The film dropped at another crucial juncture for Brazil. Bolsonaro has proved a worse president than he was a fire-breather. As his government falters, the Intercept Brazil has begun publishing leaked messages providing a shocking look behind the scenes of the corruption investigation that imprisoned Lula. The judge — now “Super Justice Minister” Sérgio Moro — appears to have actively and repeatedly assisted the prosecution, rather than acting as impartial official. Few doubt that there was plenty of corruption in the Brazilian government when the Workers Party was in charge, but there are now increasingly serious suspicions of political motivation behind the punishments meted out, and to whom. The Intercept recently formed a partnership with one Brazil’s most respected publications, Folha de S.Paulo, to continue to analyze and publish more of the explosive material.
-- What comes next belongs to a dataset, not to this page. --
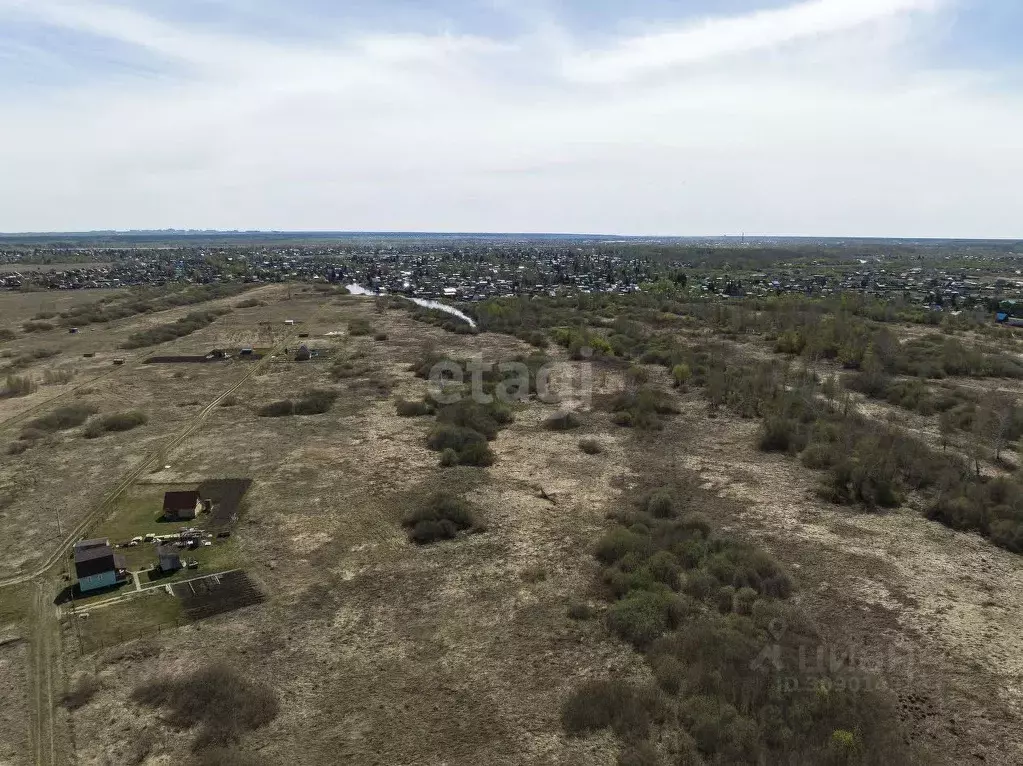 Участок в Новосибирская область, Колыванский район, Союз силовых ... - Фото 1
Petra Costa does not pretend to be objective. It’s a deeply personal movie, and she is honest about the fact that she is from a privileged left-wing family, and was a Lula voter who saw his movement as Brazil’s best chance for the kind of progressive democracy they dreamed possible. She’s clearly confused, distraught, and emotional about the outcome, so she takes a big step back, illuminating things enormously by placing the events within the long history of Brazil.
As a result, the film also offers a lesson about the violent return of the past. She — and Lula himself in one of the film’s many revealing interviews — note that Brazil had been an explicitly racist and oligarchical nation for hundreds of years. Why did they ever think that a 10- or 20-year excursion into democracy and left-wing ideals would be permanent? The film suggests that the men who really run things had never left, and they had the tools to step in and take control again when an opportunity arose. Perhaps the most intimate understanding of this dynamic is expressed by two women who clean at the Presidential Palace, as they try to explain to the camera why their boss Rousseff had been removed. Grappling with the fact that a body of largely corrupt men impeached the president, rather than calling new elections or facing justice themselves, they wonder if democracy may have always been a sham. Maybe the people with real power just cancel it when it stops working out for them.